This month we have introduced the Net Worth Chart to show your Assets, Liabilities and Net Worth (or Equity) all in one place, so what does that mean in practice? Accounting can seem strange to non-accountants but this chart will give you insights into your business and alert you to potential problems in the future. Giving clarity and an accurate visual of where your business is heading.

What does the chart show?

The bars show your total assets and total liabilities and the line shows your Net Worth (or equity). The chart is best used by starting from the beginning of the financial year and showing actuals up to the Report Month. This will allow you to see the trend of what has actually changed this year and then what is expected to change in the next few months.

What are Assets?

Essentially they’re the things you own. Some of them are simple and obvious like the cash you have in the bank or the motor vehicles or equipment you’ve purchased. Debtors (customers who owe you money) are included too as they can be converted to cash – or we expect they will. Then there are the ‘intangible’ assets such as the goodwill you buy when you purchase another business.

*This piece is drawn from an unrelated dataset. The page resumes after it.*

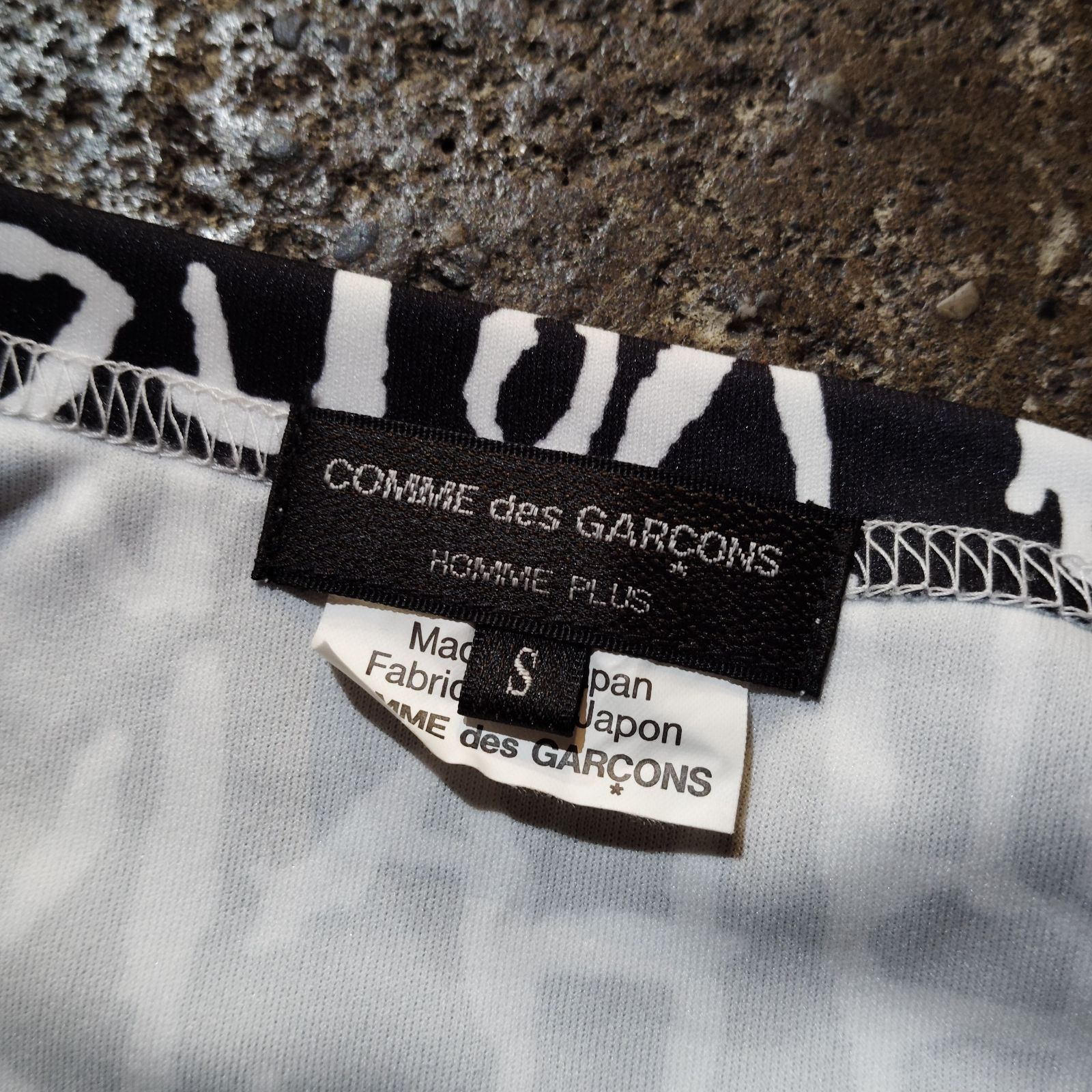 COMME des GARCONS HOMME PLUS 23aw Edward Goss 英字総柄穴あき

All of these assets are valued in your accounts at the price you paid for them (less depreciation for your fixed assets) so don’t make the mistake of thinking that’s what you would sell them for. In some ways that would be a more useful number but it’s also a much more difficult one to work out – the cost price is clear, consistent and easy to work out.

What are Liabilities?

These are the things you owe to other people: Credit cards, loans, Trade Creditors (what you owe your suppliers) and similar accounts. It will include your outstanding GST and payroll obligations. In general liabilities are fairly obviously equivalent to their nominal cash value and if you were to wind up the organisation today, that’s what would need to be paid out.

So what is Net Worth?

Let’s start with what it’s not: it’s not the price you would get if you sold your business today. It’s calculated as your total assets less your total liabilities and starts with the issues of valuation of assets we discussed above. However, the value of your business is (hopefully) more than simple the difference between what you own and what you owe – it’s some (hopefully) higher figure based on your potential to earn income in the future.

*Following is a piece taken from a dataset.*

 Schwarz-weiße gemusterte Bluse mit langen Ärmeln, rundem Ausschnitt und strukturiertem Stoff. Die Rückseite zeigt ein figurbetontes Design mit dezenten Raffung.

The Net Worth figure can, however, serve as an approximation for the health of your business. What you want to see is an upward trend. Ideally your assets are greater than your liabilities (though that will depend on what stage your business is at) and over time you want to see that Net Worth line increase. If it’s trending downwards, it should ring alarm bells as you’re taking more out of the business than you’re bringing in. If the future projection is consistent with the past actuals and trending upwards, you’re heading in the right direction.

Use the Net Worth chart like you would use a canary in the coal mine. It will give you early warning of potential issues with your business model and give you time to seek advice before it’s too late to do anything about it.